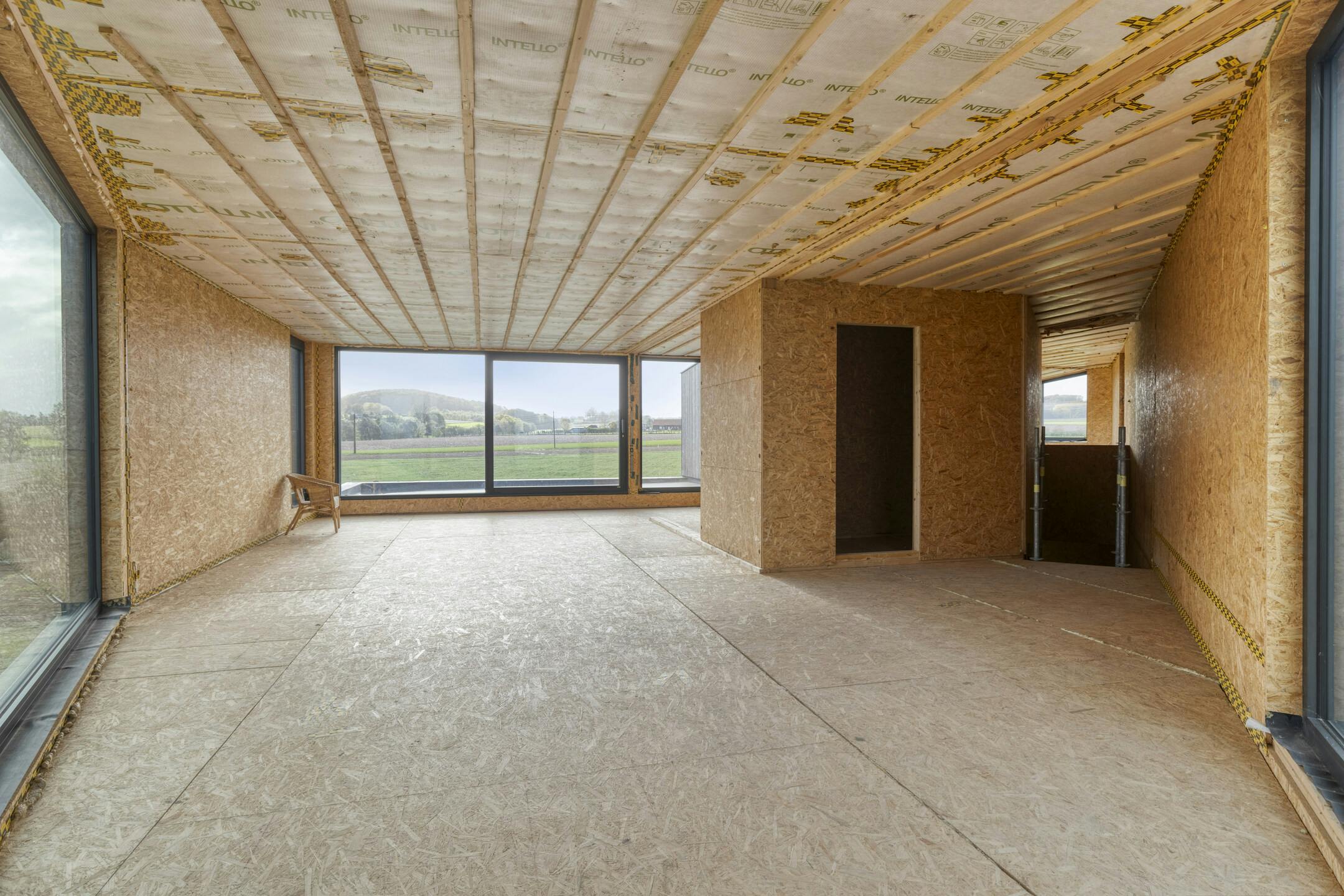 Moderne houtskeletwoning met panoramisch uitzicht foto 9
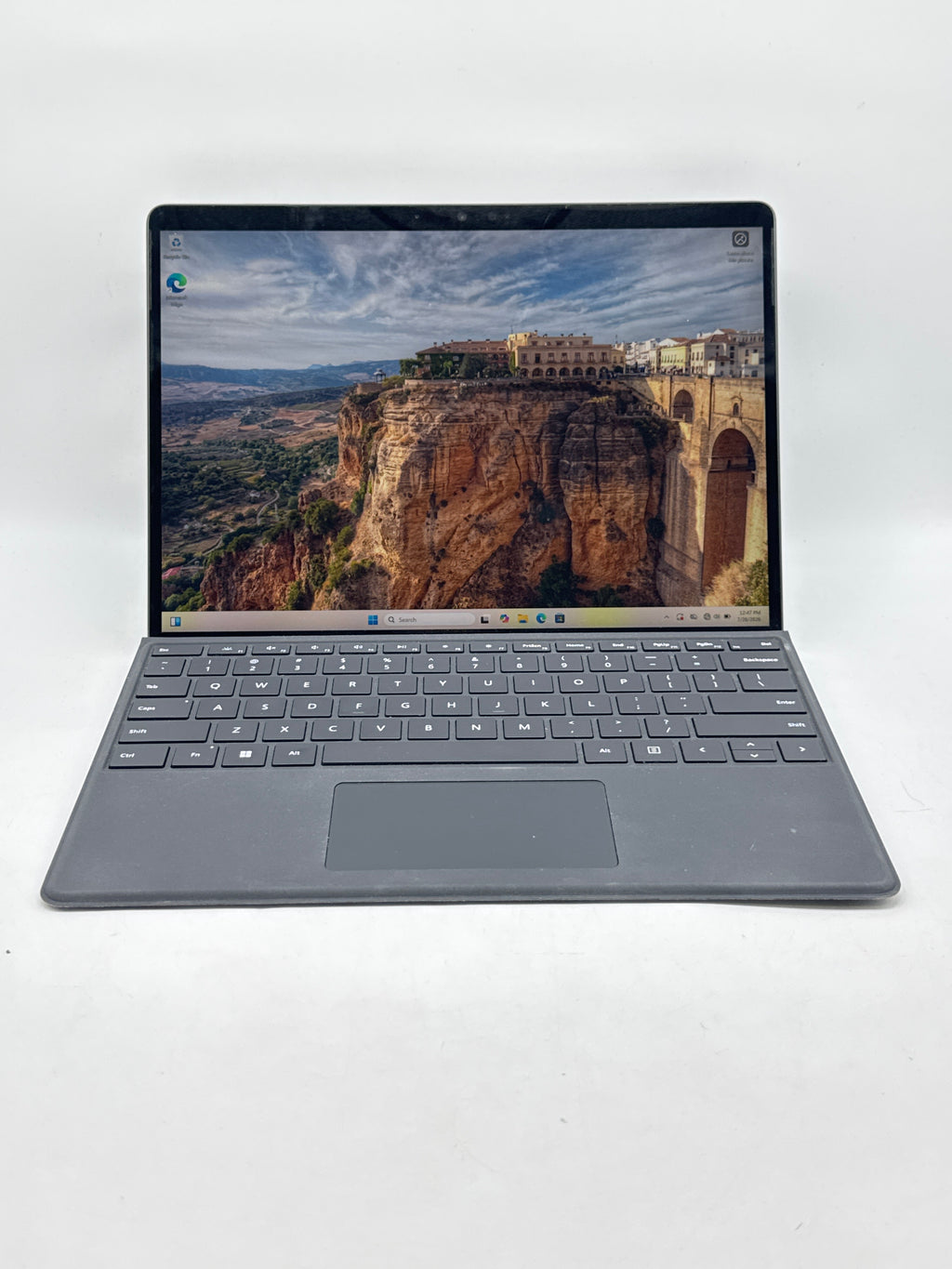 Microsoft Surface Pro 9 2038 13" Core i5-1245U 16GB RAM 256GB SSD - Used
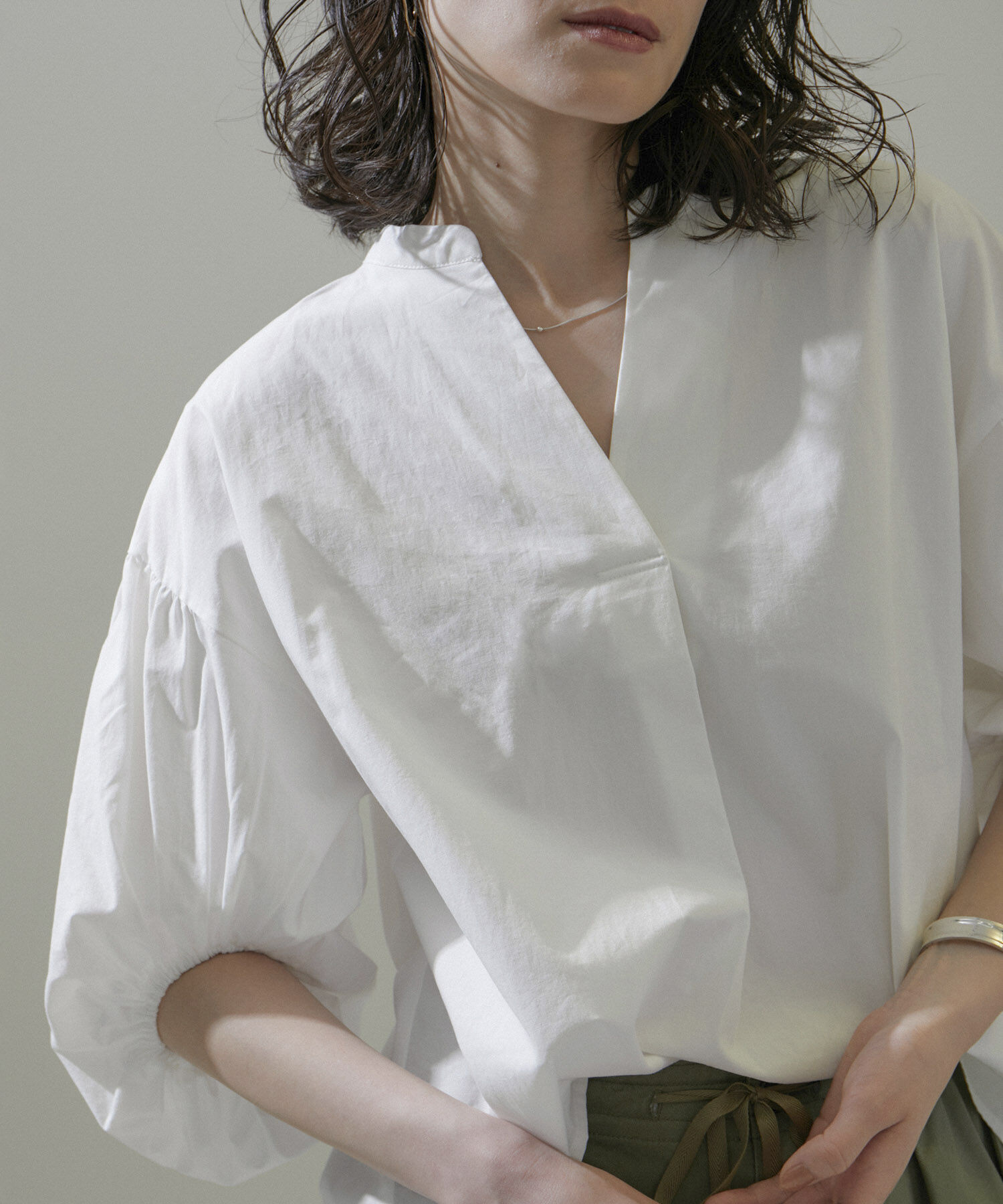 SALON adam et rope'「【WEB限定】バルーンスリーブスキッパーブラウス/24SS」|シャツ・ブラウス|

▸ **Work request**
Everything in the data except the pictures needs to be written out exactly.

▸ **Answer to this exercise**
 Moderne houtskeletwoning met panoramisch uitzicht foto 9
 Microsoft Surface Pro 9 2038 13" Core i5-1245U 16GB RAM 256GB SSD - Used
 SALON adam et rope'「【WEB限定】バルーンスリーブスキッパーブラウス/24SS」|シャツ・ブラウス|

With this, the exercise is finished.